In this example I’ve used the controller name as the view name. doing this you must specify the view returned from the Index action

public IActionResult Index()
{
    ViewData["Message"] = "Your application description page.";

    return View("About");
}

There might be a better way of doing this but for now this is how I like doing it. I like that it gives you an easy way to find a view corresponding to a controller.

Note: if you use Resharper, it doesn’t recognize these views in the Features folders. So you have to do one additional step to get Resharper IntelliSense for the views. Add AssemblyAttributes.cs to the root of your project with the following:

using JetBrains.Annotations;

//Note: These are the possible assembly annotations for finding views
//AspMvcAreaMasterLocationFormatAttribute
//AspMvcAreaPartialViewLocationFormatAttribute
//AspMvcAreaViewLocationFormatAttribute
//AspMvcMasterLocationFormatAttribute
//AspMvcPartialViewLocationFormatAttribute
//AspMvcViewLocationFormatAttribute

[assembly: AspMvcViewLocationFormat(@"~\Features\{1}\{0}.cshtml")]
[assembly: AspMvcViewLocationFormat(@"~\Features\{1}/Views/{0}.cshtml")]

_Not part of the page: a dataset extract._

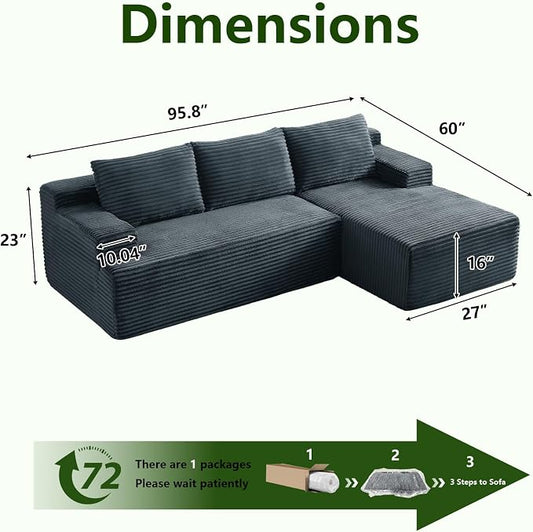 96" Modular Sectional Sofa, Modern Corduroy Cloud Couch, Boneless Couch Upholstered 3-Seater L-Shaped Sofa for Living Room, No Assembly Required (Dark Grey, Right-Facing Chaise)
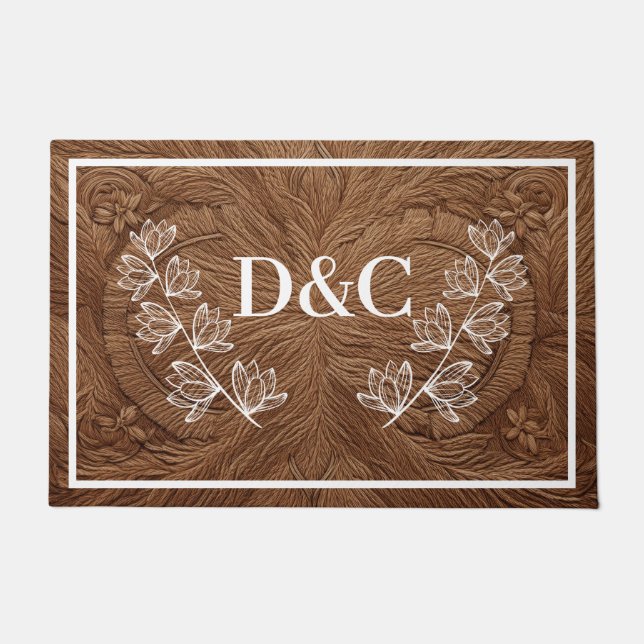 Tapete Porta personalizada inicial dupla (Frente)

[assembly: AspMvcAreaViewLocationFormat(@"~\Features\{2}\{1}\{0}.cshtml")]
[assembly: AspMvcAreaViewLocationFormat(@"~\Features\{2}\{1}\Views\{0}.cshtml")]
[assembly: AspMvcAreaViewLocationFormat(@"~\Features\{2}\Shared\{0}.cshtml")]

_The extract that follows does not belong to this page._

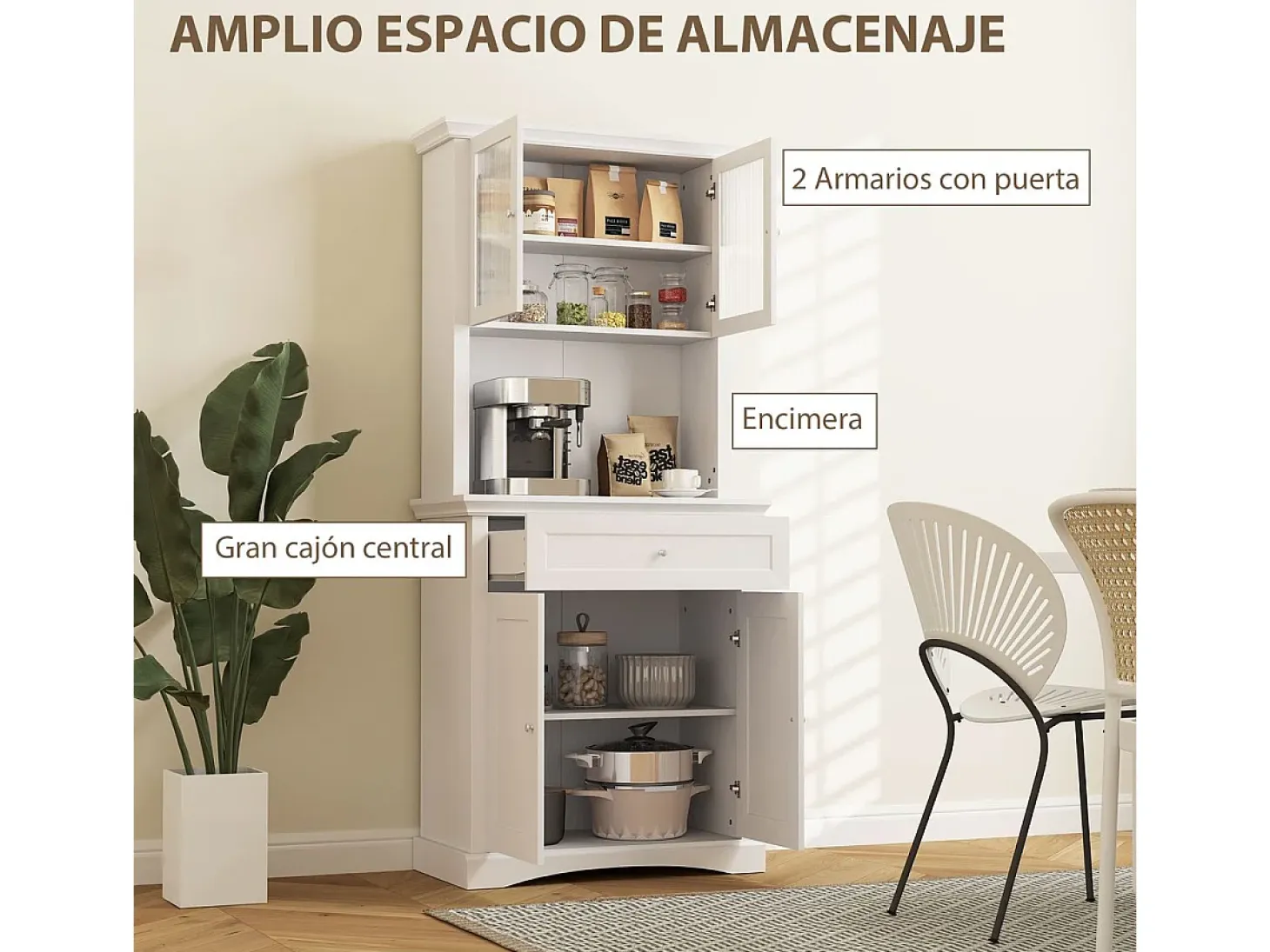Alacena Valdena Homcom 1 cajón + 4 puertas blanco 180x79x40 cm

[assembly: AspMvcViewLocationFormat(@"~\Features\Shared\{0}.cshtml")]

[assembly: AspMvcAreaMasterLocationFormat(@"~\Features\{2}")]

Feature Folder Areas

I’ve seen different variations that people have done to nest related items in their MVC projects. One option is to have a Features/ root and an Areas/ root to allow you to leverage the built in areas feature. I have preferred to keep the more complex sections nested with my other features like below:

Feature Folder Areas

Nesting folders like this will mean you have to annotate your controllers with an Area attribute.

[Area("TroubleTickets")]
public class SubmitController : Controller
{
    public IActionResult Index()
    {
        return View("Submit");
    }

    [HttpPost]
    public IActionResult Submit(SubmitCommand command)
    {
        //Send command

        return RedirectToAction("Index", "List", new { area = "TroubleTickets" });
    }
}

This Trouble Tickets area also demonstrates how I would like to have my Commands and Queries in my feature folders.

GitHub Repo

To view the full source code from this post please visit https://github.com/kdowswell/asp-net-core-mvc-feature-folders.

Summary

So now you are all set up to begin using feature folders in your own web app. I think feature folders allows for a better coding experience and better maintainability over time as your project size increases.

If this post helped you please share via the social media links below. Thanks!

Tools

Since this post is on folders and files. A must have extension you should get is Add New File. This extension saves me tons of time. And overall it’s just a better experience than using the built in Visual Studio “New Item” process. I use it to create folders and files all day while using VS.